Suppose that $X$ is a compact Hausdorff topological space and $\mu$ is a regular Borel measure on $\mathcal B(X)$. Let $\mu_{0}$ be the restriction of $\mu$ to Baire $\sigma$-algebra $\mathcal Ba(X)$. Then we have $\int_{X}fd\mu=\int_{X}fd{\mu}_{0}$ for all $f\in C(X)$.

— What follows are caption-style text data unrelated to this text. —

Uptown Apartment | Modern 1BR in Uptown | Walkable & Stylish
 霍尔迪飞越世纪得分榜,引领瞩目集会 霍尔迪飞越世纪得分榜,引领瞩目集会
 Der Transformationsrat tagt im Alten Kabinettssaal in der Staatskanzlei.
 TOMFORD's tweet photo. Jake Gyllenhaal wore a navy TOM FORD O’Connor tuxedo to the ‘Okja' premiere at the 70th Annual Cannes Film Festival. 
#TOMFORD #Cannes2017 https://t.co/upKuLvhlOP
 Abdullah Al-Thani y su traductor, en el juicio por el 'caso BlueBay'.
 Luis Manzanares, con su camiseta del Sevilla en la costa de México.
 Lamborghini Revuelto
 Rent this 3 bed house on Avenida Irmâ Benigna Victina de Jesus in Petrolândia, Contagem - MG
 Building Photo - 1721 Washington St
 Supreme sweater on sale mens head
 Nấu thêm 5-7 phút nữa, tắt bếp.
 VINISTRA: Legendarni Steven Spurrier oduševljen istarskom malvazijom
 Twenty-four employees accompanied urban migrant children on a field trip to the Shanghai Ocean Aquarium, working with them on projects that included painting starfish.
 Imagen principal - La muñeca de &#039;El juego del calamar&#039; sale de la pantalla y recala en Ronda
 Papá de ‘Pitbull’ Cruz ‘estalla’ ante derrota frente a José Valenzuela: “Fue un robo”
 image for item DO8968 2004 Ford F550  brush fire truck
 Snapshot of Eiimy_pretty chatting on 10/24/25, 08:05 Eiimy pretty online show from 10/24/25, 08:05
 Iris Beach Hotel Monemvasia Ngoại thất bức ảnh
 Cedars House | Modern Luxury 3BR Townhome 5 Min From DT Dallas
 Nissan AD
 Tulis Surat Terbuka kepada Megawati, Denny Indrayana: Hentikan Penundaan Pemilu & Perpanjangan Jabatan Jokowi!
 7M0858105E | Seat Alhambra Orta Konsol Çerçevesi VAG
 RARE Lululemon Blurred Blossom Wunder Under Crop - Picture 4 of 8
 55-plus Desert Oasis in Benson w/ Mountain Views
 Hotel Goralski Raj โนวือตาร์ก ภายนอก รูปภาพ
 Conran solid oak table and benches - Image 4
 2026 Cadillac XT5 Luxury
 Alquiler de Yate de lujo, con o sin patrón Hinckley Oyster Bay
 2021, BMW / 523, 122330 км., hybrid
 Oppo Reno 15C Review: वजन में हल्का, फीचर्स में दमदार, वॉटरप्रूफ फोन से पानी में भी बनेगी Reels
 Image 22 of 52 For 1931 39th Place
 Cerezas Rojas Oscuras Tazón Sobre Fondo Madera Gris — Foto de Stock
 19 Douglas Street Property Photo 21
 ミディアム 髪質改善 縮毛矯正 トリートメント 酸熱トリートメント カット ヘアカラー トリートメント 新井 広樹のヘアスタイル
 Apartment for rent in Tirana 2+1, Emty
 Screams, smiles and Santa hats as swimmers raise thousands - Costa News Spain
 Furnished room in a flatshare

Define a positive linear functional $I(f)=\int_{X}fd{\mu}_{0}$ for all $f\in C(X)$. Then, by Riesz-Markov Theorem, there is a regular Borel measure $\nu$ (i.e. Radon measure in this case) on $\mathcal B(X)$ such that $\int_{X}fd\nu=\int_{X}fd{\mu}_{0}$ holds for all $f\in C(X)$. Here is a claim saying that every Baire measure can be uniquely extended to a regular Borel measure. So it is sufficient to show that $\nu$ is an extension of ${\mu}_{0}$ and hence $\nu=\mu$.
By the regularity of ${\mu}_{0}$ and $\nu$, we have ${\mu}_{0}(E)=\sup \{ {\mu}_{0}(K): K\subseteq E, K $ is a compact $G_{\delta} $ set $\}$ for all Baire sets $E$ and $\nu(E)=\sup \{ \nu(K): K\subseteq E, K $ is a compact set $\}$ for all Borel sets $E$.
I just showed that for each comapct $G_{\delta}$ set $K$, $\nu(K)={\mu}_{0}(K)$ and I was wondering how to prove $\nu(E)={\mu}_{0}(E)$ for all Baire sets $E$?